Thursday, July 06, 2006, 7:39 AM

Supreme Court Antitrust Activity

Certiorari Denied in Schering

The Supreme Court denied certiorari on June 26, 2006 in FTC v. Schering-Plough Corporation, 402 F.3d 1056 (11th Cir. 2005) (see case summary and holding here). The FTC had asked the Court to review the Eleventh Circuit's decision that reverse payments in a pharmaceutical patent settlement agreement did not constitute a violation of antitrust laws. As noted previously in this blog, the case has been an interesting one to follow because it involves a hot issue in antitrust law and has pitted one agency of the federal government against another.

In response to the Supreme Court's refusal to review the Schering appeal, four members of the Senate Judiciary Committee introduced legislation aimed at outlawing the practice of brand name pharmaceutical companies paying generic drug competitors to stay off of the market. Senators Charles E. Schumer (D-NY), Charles E. Grassley (R-IA), Herb Kohl (D-WI), and Patrick J. Leahy (D-VT) are sponsoring the legislation.

Although it refused to review the 11th Circuit's Schering decision, the Supreme Court has displayed its willingness to address economic issues by granting certiorari in two other antitrust cases.

Motions to Dismiss Antitrust Claims

Bell Atlantic v. Twombly, 425 F.3d 99 (2d Cir. 2005), which will be heard in the Supreme Court's next term, has gained attention because it could set the standard for motions to dismiss antitrust claims filed under Section 1 of the Sherman Act. The country's largest telephone companies have been accused of carving up local markets to preserve their monopolies. Instead of offering direct evidence of a conspiracy, the complaint alleges that the telephone companies engaged in "parallel conduct" by not moving into each other's service areas. The Second Circuit determined that the case is sufficient to proceed to discovery. Consequently, the telephone companies, supported by a host of briefs written by influential business interests, asked the Supreme Court to dismiss the case for lack of evidence.

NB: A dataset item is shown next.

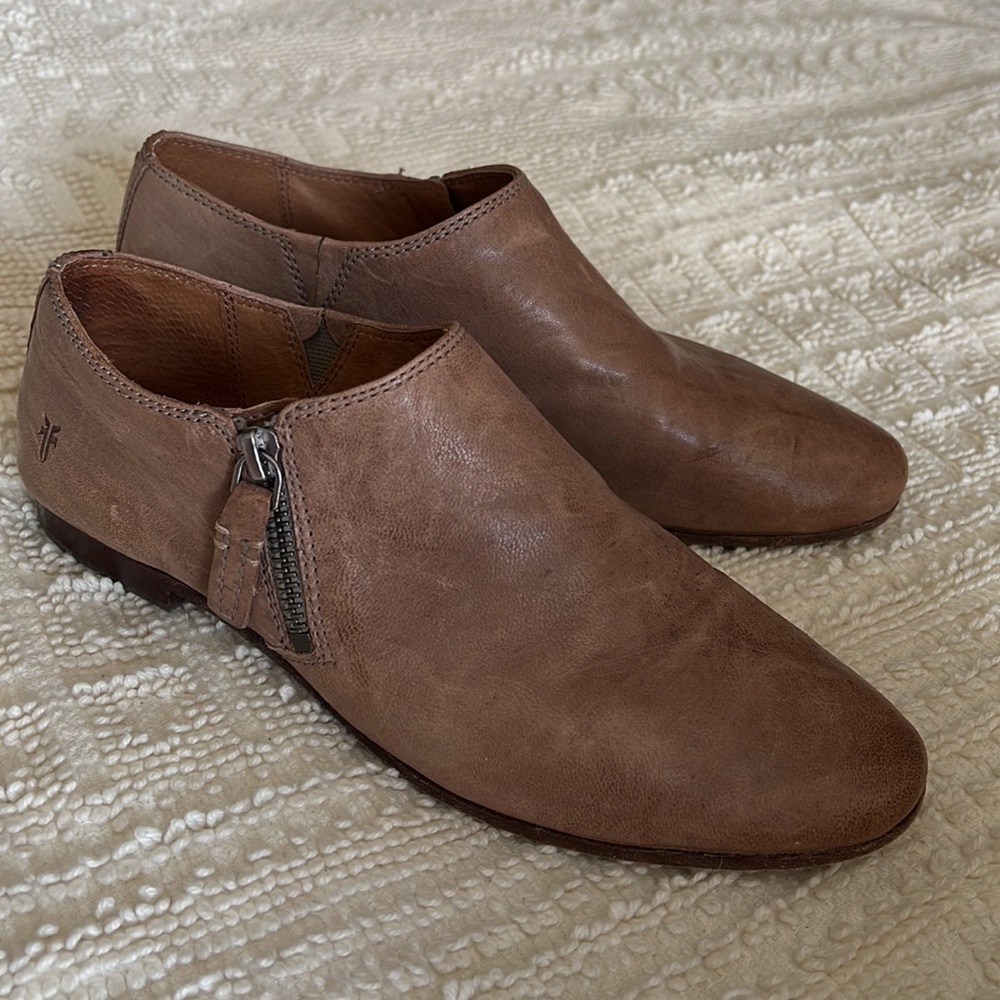 Frye Gray Tan Leather Shoe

The significance of the case revolves around how much evidence is necessary to overcome a motion to dismiss an antitrust claim for lack of evidence. Discovery is often a costly process in which defendants can be compelled to turn over large amounts of records. The telephone companies and other business interests believe that the Second Circuit has set the standard so low for what is needed to proceed to discovery that plaintiffs inevitably will be encouraged to file frivolous claims with the purpose of inducing settlements.

Predatory Bidding?

The second antitrust case the Supreme Court has agreed to review, Weyerhaeuser v. Ross-Simmons Hardware Lumber, 411 F.3d 1030 (9th Cir. 2005), concerns "predatory bidding." Predatory bidding occurs when a company buys raw goods at inflated prices with the intention of driving smaller competitors out of the market.

In Weyerhaeuser, the Ninth Circuit upheld a $78.8 million verdict for the plaintiff after the plaintiff alleged that Weyerhaeuser Corp., a leading hardwood manufacturer, paid an excessively high price for red alder logs and ordered more of the logs than was necessary to meet its business needs. A federal jury subsequently found that Weyerhaeuser monopolized the market for the logs through its purchases and violated Section 2 of the Sherman Act. The Bush Administration has filed a brief asking the Supreme Court to reverse the decision, arguing that it "threatens to chill pro-competitive conduct by companies that bid aggressively in order to ensure access to inputs or to increase their output."